I have two Acei that I bought a couple of days ago. One is constantly pestering the other. It goes up to the other, flutters its entire body and then chases it around the tank biting at it. The one being picked at can't get any rest. I'm new at this so any info would be appreciated. I'm assuming that it is either a male chasing around a female for a little "fun" :thumb: or two males, one trying to establish territory. Your thoughts and suggestions are appreciated.


----------



## Floridagirl (Jan 10, 2008)

Mbuna do much better in groups to stave off the aggression. Adding more Acei would be best, if the tank size and stocking levels will allow an addition.


----------



## TedL (Feb 1, 2009)

Can't seem to find another Acei in the Chicago area right now!


----------



## ridley25 (Jan 5, 2008)

+1 to what Floridagirl suggested. These are not pairing fish, so (assuming you have a 55+ gallon tank) you need two or more acei to spread that "love" around.
I just checked this site's trading post and there aren't any for sale there, but look here:
http://www.gcca.net/classifieds/index.php/cat/2

kevin


----------



## srook23 (Feb 21, 2009)

Is it a male and female? Both males? Both females?

It would be helpful to know so you know whether to get more females or males...

Most people say Acei are docile little fish, but I find quite the opposite. In my tank my Acei is a little bit of a bully and I have several friends who have had similar experiences with Acei bullies.

You can normally tell male from female on their dorsal fin from what I have heard.
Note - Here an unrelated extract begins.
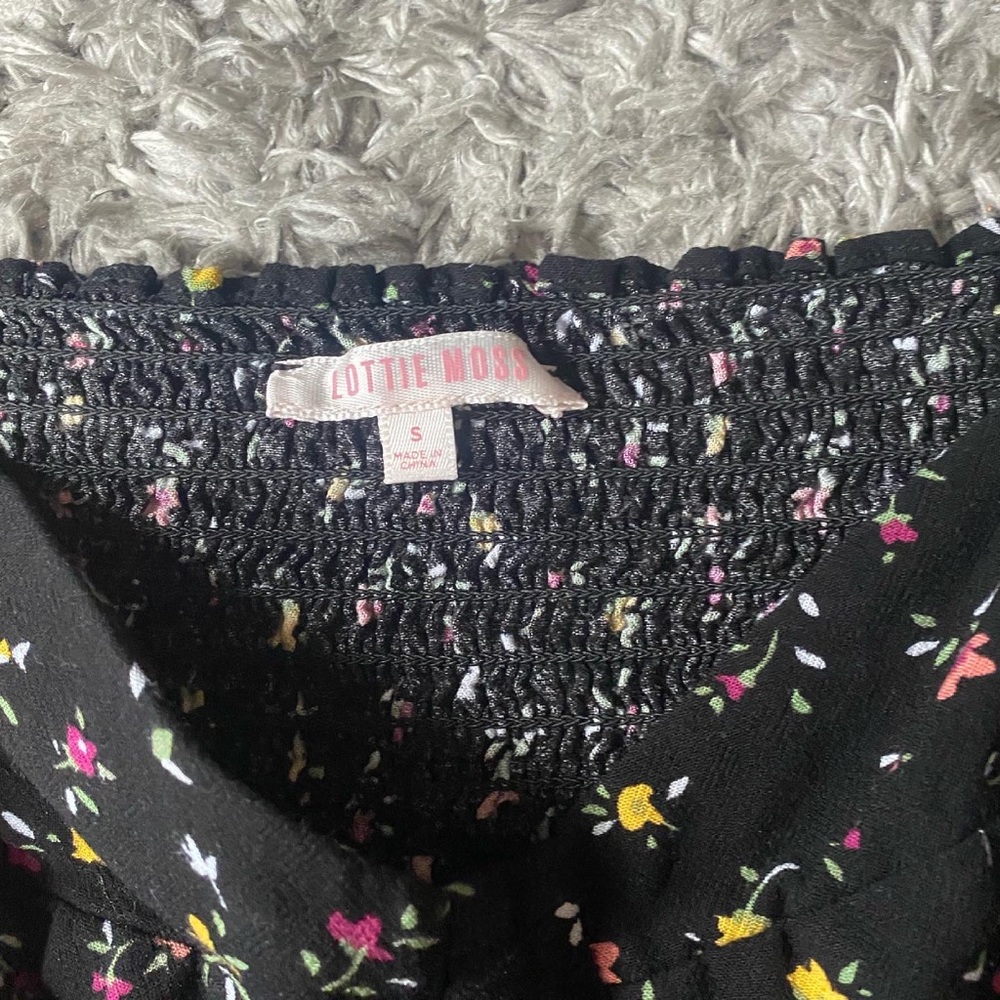 Floral cropped long sleeve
Most males will have a 3/4 blue fin with a yellow tip on the back of the fin while females will have a completely blue dorsal fin.


----------



## steelers fan (Jun 26, 2009)

yeah it sounds like the one is trying to court the other and when he gets blown off he gets pissed...you need at least one more acei


----------



## MattH (May 23, 2009)

just bumping what ever one else says, you cant keep cichlids in pairs, theres too much direct aggression in that case for territory and control, need at least 3, around 5-6 is best. or if you have smaller tank just 1 will do, its wut i have right now, planning on expanding on the groups i have right now as well


----------



## TedL (Feb 1, 2009)

Thanks for the replies! I have two Acei right now. Both have the yellow dorsal fin so both males?
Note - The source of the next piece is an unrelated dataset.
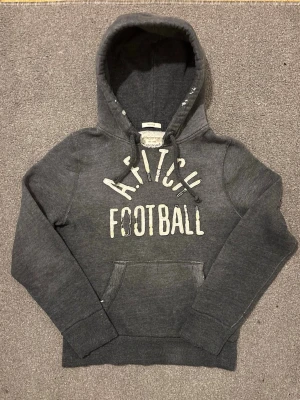 Vintage Abercrombie & Fitch Hoodie - Säljer denna tvär snygga Abercrombie & Fitch Hoodie | Storlek S | Mycket bra skick!! | Längd ≈ 63 Bredd armhåla - armhåla ≈ 53cm | Modell 175cm, 68kg | Hör av vid funderingar och priset kan diskuteras!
What is the body flutter thing? Is that mating ritual or is that aggression / showing off?

I think I am going to take the more aggressive one to my LFS and trade for a different Cichlid. Stick w/ one Acei and maybe one each of others as I add. I have a 55 gallon so I don't want to add too many. Maybe 10 or 12.


----------



## ridley25 (Jan 5, 2008)

You can't sex acei by the colour of their fins - as a monomorphic species, males and females will look alike. The fluttering could be showing off, aggression or both.

You should read this, since one of each species will only work if they're all males:
http://www.cichlid-forum.com/articles/a ... malawi.php

Much easier, cheaper and faster would be one of these combinations:
http://www.cichlid-forum.com/articles/c ... er_55g.php

kevin


----------



## TedL (Feb 1, 2009)

I like the all male idea. Kind of like a fraternity house!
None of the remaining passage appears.